Michael Webster, who is currently the Secretary of the Cabinet, will step into the Privacy Commissioner role on 5 July 2022. He replaces John Edwards, who left office in December 2021. Edwards has now taken a post as the United Kingdom Information Commissioner.
With significant changes to privacy laws and regulations worldwide during the last few years, Webster will be responsible for continuing to promote and oversee the 13 information privacy principles established by the Privacy Act.
This will involve overseeing principles relating to the collection, security, use and disclosure of personal information, as well as access to and correction of personal information and the assignment and use of unique identifiers.
“Our reforms in 2020 reflected the vital importance of the protections in the Privacy Act, which ensure people’s personal information is properly safeguarded in our digital age,” remarked Minister Faafoi in a Beehive announcement.
A key part of the role will also be continuing to comment on significant personal information policies and issues. Webster will provide opinions on privacy complaints made against government and business, monitor government data matching and promote good personal information handling practices in New Zealand.
Webster has a long history of public service, with expertise in internal affairs, corporate strategy and planning. He has worked in both council and cabinet roles, having been the Secretary of the Cabinet and Clerk of the Executive Council since March 2014.
He holds a Master of Public Management and BA (Hons) from Victoria University of Wellington and is a graduate of the EY/Darden School of Business Programme. He is also a graduate of the Executive Fellows Programme of the Australia and New Zealand School of Government.
“Mr Webster’s career has to date focused on enabling and driving good governance, the promotion of democratic rights and values, the development and application of codes of conduct and behaviour, and working to ensure compliance with both statutory provisions and constitutional conventions,” remarked Minister Faafoi.

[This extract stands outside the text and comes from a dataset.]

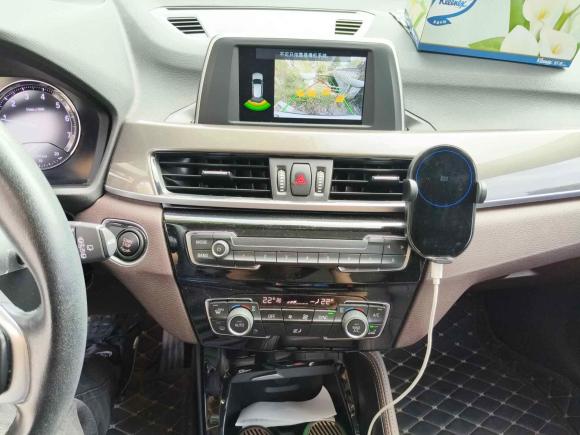 [上海·沪C] 二手宝马宝马X12019款 sDrive18Li 尊享型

“I am sure Mr Webster will provide the leadership required to ensure the public can be confident that their privacy rights are being protected.”
The Office of the Privacy Commissioner New Zealand says on their website that they work to develop and promote a culture in which personal information is protected and respected. They oversee most things to do with data privacy in Aotearoa. The Office is an independent Crown Entity and was set up in 1993 in line with the Privacy Act.